Thursday, September 25, 2014

Lavanderia

É muita roupa suja para lavar. Então, comecemos.

Lá nos idos dos anos 00, quando eu ainda estava no meu primeiro mestrado, um professor criticou duramente minha escolha de usar Thomas Kuhn (principalmente A Estrutura das Revoluções Científicas) como uma das principais referências de um dos meus trabalhos de conclusão de mestrado, dizendo, quase ipsis litteris, que aquilo tudo era uma grande bobagem, que tudo o que Kuhn diz é uma porcaria ("bullshit" e "crap" foram as palavras utilizadas pelo Grande Sábio em questão), e que estamos todos(as) cansados(as) de saber disso.

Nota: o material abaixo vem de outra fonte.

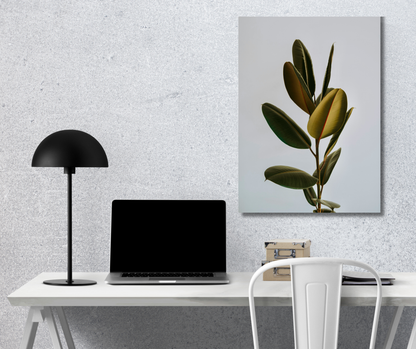 Verdant Minimalist: The Rubber Fig Study - Premium Metal Poster
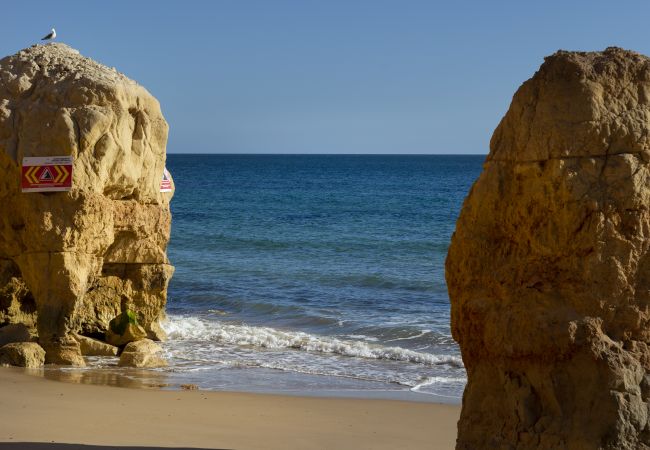 Maison à Vilamoura - Vilamoura Eden Villas par Hopstays | Piscine & Golf Maison à Vilamoura - Vilamoura Eden Villas par Hopstays | Piscine & Golf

Ok, Senhor Acadêmico. Perdão por ofender seu brilhantismo com uma teoria boba e ultrapassada.

Avancemos alguns anos...


Há umas duas ou três semanas, a Claudine Tiercelin (que, aliás, foi colega do Brilhante Acadêmico acima) começou uma corrente no Facebook. Adaptando uma corrente que já existia, ela perguntou para algumas pessoas (e a coisa chegou a mim) quais os dez livros que as tinham feito começar e continuar a estudar filosofia. Nessa história de corrente de Facebook, as pessoas vão se "tagueando" e foi fácil ir acompanhando as listas das pessoas. Vi listas de colegas da França, do Canadá, dos EUA, do Brasil etc., e pude constatar que A Estrutura das Revoluções Científicas fazia parte da lista de, talvez, 8 a cada 10 pessoas.

Não estou dizendo que fiz uma investigação sistemática, estruturada ou exaustiva do tema, mas as -- talvez poucas -- amostras vieram de várias partes diferentes do mundo, de pessoas com formação completamente diferente da minha. E eis que o Kuhn estava lá, como um pontinho em comum.

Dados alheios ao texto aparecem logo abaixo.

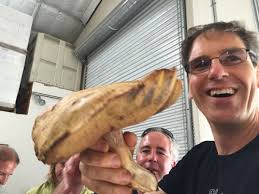 There is Fungus Among Us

É óbvio que isso também não quer dizer que Kuhn não seja ultrapassado, mas a freqüência da menção dA Estrtutura me dá cada vez mais certeza de que, não, o que ele diz não pode ser totalmente classificado como bobagem e descartado porque é filosofia velha, batida. O que Kuhn diz não somente não é trivial, mas, ao lado de Platão, Aristóteles, Descartes, e Kant, teve impacto suficiente na formação das pessoas para merecer esse lugar privilegiado, ao lado dos outros grandes.

Enfim. Não é como se eu estivesse vidrada no placar, mas sinto muito, Senhor Brilhante Acadêmico; o ponto aí foi meu.

1 comment:

Eros said...

Coitado, perdeu a chance de fazer não um juízo tão equivocado. Kuhn, embora não sozinho e talvez não pela primeira vez, articula muito bem alguns pontos bastante substanciais: i) modelos muito abstratos da ciência (empirismo lógico e falsificacionismo) deixam de fora elementos fundamentais para compreendemos adequadamente a racionalidade científica ii) a racionalidade científica está baseada em algum know-how e não pode ser completamente explicitada em regras e iii) não há como compreender a racionalidade científica sem dar o devido destaque à dimensão social da prática científica (justiça seja feita, Popper também estava chamando atenção para isso), em oposição às epistemologias individualistas hegemônicas até então. Nenhum desses pontos é trivial.

E bom, aguardamos ansiosamente ainda a publicação dos últimos textos de Kuhn, que está sob os cuidados do J. Conant.